Print every line below exactly as written, but leave the pictures behind.

→ **Dataset section**:
————————

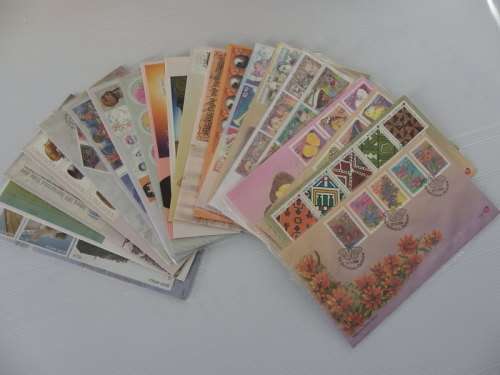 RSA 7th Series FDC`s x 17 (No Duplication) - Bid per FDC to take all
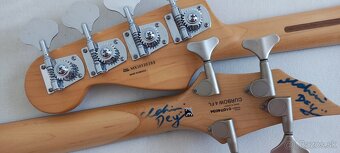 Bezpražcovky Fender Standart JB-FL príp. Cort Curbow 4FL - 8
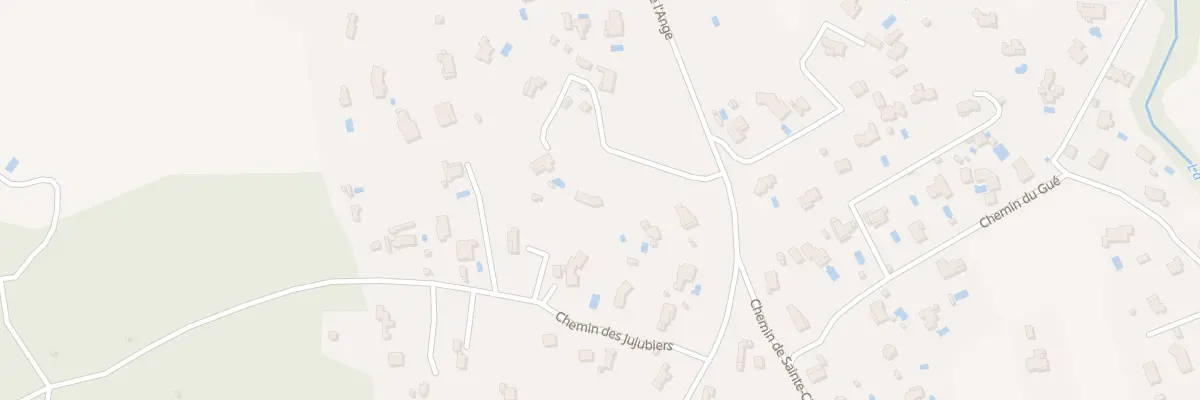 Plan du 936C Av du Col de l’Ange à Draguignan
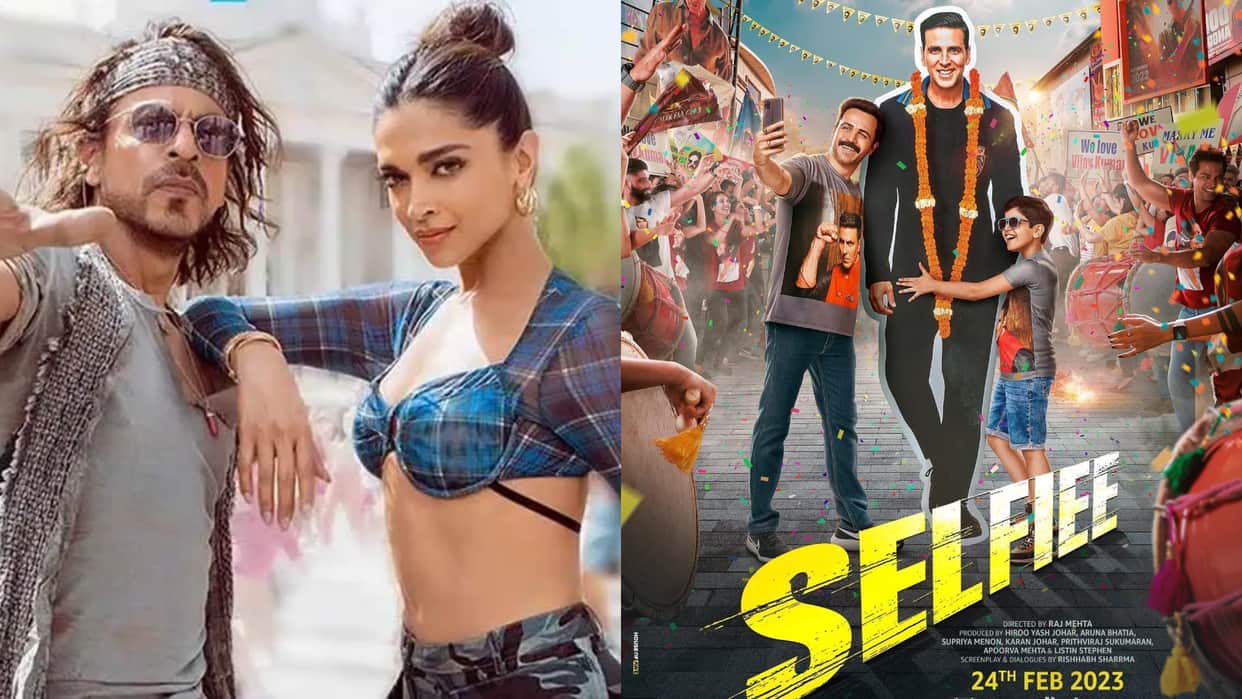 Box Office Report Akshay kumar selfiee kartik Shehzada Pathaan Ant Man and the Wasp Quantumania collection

————————

→ **Exercise result**:
 RSA 7th Series FDC`s x 17 (No Duplication) - Bid per FDC to take all
 Bezpražcovky Fender Standart JB-FL príp. Cort Curbow 4FL - 8
 Plan du 936C Av du Col de l’Ange à Draguignan
 Box Office Report Akshay kumar selfiee kartik Shehzada Pathaan Ant Man and the Wasp Quantumania collection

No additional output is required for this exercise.